O governo federal tem sinalizado que retomará a tributação de lucros e dividendos distribuídos aos sócios e acionistas. O debate sobre o assunto é pautado mais por questões ideológicas e políticas e menos por lógica e coerência.
O primeiro argumento sustentado pelos defensores da medida é que será restabelecida a justiça fiscal, pois empresários e assalariados passarão a ser tributados igualmente. Para alguns, trabalhadores pagam tributos e os empresários não. Reside aqui uma total incompreensão do regime de tributação brasileiro.
Quando a isenção foi criada, o então ministro da Fazenda explicou que se buscava “a completa integração entre a pessoa física e a pessoa jurídica, tributando esses rendimentos exclusivamente na empresa e isentando-os quando do recebimento pelos beneficiários”. Em outras palavras, ao invés de tributar o rendimento da atividade empreendedora em dois momentos (primeiro na empresa, depois no sócio), simplificou-se o regime e passou-se a tributar apenas na pessoa jurídica.
Não é correto falar em tratamento desigual entre trabalhador assalariado e empresário, pois enquanto o trabalhador assalariado possui as garantias da irredutibilidade dos salários, décimo terceiro, férias, fundo de garantia, repouso semanal remunerado; o empresário possui a expectativa de auferir lucro apenas se for bem-sucedido. Logo, não são situações equivalentes.

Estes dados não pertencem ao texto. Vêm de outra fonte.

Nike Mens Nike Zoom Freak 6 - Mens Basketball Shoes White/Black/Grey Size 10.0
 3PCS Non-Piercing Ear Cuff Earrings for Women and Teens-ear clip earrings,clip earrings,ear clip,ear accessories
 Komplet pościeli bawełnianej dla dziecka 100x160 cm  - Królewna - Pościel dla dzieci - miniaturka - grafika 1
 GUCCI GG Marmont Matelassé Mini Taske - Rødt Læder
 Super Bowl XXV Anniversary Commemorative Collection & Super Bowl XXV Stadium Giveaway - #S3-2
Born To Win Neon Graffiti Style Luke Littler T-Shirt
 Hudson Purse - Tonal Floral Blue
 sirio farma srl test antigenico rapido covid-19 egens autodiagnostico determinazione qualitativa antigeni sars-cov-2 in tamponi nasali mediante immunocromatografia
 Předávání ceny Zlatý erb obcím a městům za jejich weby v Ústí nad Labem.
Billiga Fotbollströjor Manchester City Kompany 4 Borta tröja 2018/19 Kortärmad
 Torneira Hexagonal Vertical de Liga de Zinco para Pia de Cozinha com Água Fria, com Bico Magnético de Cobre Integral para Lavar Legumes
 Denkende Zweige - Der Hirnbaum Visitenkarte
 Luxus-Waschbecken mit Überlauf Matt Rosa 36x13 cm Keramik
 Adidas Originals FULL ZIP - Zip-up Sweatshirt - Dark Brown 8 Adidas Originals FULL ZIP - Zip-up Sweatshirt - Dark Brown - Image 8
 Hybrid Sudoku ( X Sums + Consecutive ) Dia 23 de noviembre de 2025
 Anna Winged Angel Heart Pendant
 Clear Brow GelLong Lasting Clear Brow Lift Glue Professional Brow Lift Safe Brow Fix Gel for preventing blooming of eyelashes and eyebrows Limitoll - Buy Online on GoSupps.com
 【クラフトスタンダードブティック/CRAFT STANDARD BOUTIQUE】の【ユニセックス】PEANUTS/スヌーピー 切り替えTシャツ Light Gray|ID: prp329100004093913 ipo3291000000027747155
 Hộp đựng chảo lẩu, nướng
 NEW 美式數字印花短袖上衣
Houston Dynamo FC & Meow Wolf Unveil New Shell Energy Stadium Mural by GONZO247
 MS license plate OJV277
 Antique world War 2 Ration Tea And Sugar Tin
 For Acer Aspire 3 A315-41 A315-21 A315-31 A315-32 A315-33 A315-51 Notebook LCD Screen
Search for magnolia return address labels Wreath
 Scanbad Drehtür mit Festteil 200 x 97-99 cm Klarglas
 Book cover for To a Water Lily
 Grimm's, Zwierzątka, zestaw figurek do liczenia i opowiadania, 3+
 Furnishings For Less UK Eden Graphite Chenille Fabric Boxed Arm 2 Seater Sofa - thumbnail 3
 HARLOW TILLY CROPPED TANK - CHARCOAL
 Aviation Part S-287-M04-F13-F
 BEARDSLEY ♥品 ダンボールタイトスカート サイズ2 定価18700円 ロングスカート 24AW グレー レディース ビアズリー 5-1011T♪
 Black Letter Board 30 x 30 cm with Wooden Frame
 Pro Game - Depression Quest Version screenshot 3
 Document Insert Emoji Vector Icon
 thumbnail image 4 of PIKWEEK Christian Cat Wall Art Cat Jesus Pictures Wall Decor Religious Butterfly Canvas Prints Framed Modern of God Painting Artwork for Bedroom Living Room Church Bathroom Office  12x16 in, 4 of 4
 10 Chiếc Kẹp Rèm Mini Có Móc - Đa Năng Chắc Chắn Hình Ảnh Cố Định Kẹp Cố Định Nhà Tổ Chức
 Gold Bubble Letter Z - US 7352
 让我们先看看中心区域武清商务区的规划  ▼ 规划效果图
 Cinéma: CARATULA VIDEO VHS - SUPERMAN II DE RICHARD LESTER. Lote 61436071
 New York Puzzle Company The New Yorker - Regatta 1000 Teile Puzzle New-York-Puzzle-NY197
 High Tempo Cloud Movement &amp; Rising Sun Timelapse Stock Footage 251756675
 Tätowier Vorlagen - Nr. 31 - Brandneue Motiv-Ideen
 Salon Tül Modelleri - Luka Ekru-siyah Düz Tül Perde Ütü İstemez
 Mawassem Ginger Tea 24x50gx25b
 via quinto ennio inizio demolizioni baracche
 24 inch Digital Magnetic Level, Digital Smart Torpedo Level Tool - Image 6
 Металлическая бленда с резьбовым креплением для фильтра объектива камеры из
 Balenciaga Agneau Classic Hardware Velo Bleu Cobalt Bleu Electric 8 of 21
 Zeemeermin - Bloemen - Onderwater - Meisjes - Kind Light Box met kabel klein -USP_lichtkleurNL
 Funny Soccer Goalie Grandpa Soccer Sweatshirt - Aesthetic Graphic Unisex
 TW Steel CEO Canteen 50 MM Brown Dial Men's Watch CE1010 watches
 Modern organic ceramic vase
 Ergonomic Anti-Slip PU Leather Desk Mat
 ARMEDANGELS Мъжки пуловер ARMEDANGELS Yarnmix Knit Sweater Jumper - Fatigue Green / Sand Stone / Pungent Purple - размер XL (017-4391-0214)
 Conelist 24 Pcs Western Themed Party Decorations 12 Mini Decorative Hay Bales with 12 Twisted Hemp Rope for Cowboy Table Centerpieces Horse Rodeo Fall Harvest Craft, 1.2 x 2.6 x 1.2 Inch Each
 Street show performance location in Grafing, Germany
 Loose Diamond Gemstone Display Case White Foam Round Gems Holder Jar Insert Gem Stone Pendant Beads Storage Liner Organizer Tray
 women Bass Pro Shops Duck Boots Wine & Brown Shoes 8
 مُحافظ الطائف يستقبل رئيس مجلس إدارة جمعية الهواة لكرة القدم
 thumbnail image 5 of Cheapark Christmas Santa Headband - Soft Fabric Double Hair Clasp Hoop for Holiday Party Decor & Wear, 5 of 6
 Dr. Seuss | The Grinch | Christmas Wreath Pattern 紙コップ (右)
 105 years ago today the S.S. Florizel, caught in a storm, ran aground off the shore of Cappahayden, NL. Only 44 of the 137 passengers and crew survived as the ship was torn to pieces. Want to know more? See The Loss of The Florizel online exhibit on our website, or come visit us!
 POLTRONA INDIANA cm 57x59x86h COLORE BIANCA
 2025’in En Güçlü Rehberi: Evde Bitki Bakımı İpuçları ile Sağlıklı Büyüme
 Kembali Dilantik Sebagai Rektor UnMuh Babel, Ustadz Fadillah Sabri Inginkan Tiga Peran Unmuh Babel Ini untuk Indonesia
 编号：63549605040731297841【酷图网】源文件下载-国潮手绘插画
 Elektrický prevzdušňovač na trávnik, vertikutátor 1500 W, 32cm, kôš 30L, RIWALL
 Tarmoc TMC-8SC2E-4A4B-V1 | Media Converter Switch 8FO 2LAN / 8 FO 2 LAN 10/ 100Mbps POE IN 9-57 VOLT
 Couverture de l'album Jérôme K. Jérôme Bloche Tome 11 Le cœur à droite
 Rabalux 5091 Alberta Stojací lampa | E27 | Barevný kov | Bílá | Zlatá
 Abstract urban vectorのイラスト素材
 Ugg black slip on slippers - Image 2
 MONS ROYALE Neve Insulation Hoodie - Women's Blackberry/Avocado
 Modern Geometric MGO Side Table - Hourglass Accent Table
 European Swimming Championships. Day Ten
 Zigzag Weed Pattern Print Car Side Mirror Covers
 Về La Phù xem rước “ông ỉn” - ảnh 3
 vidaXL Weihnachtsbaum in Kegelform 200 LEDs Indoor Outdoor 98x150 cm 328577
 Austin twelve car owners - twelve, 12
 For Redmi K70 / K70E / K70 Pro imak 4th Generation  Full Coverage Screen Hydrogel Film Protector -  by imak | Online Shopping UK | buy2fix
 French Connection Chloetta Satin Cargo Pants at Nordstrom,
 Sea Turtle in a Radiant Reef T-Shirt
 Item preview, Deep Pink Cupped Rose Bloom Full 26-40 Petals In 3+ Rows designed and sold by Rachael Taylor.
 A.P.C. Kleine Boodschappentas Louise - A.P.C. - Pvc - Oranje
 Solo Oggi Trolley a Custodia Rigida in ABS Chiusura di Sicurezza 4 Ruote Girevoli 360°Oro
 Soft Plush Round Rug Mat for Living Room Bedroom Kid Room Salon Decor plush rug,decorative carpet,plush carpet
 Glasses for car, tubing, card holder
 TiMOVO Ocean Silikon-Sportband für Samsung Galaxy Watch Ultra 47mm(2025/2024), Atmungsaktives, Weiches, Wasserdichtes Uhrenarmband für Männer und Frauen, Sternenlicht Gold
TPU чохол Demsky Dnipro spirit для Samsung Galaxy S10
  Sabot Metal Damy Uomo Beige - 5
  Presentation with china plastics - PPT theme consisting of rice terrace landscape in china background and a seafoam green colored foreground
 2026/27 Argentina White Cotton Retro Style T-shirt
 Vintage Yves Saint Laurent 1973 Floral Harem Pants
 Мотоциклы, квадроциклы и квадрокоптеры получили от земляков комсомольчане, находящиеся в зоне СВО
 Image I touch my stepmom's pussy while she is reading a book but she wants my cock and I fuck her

Um segundo equívoco cometido pelos detratores do regime atual reside na alegação que o Brasil seria o único país do mundo a não tributar a distribuição de lucros e dividendos. Como dito, o Brasil tomou a decisão política de tributar os rendimentos da atividade empresarial num único momento. Poderia ter adotado o modelo norte-americano que tributa, na imensa maioria dos regimes, apenas a pessoa física, pois adota-se um modelo de “pass-through entity”, isto é, a pessoa jurídica é desconsiderada para efeitos de tributação.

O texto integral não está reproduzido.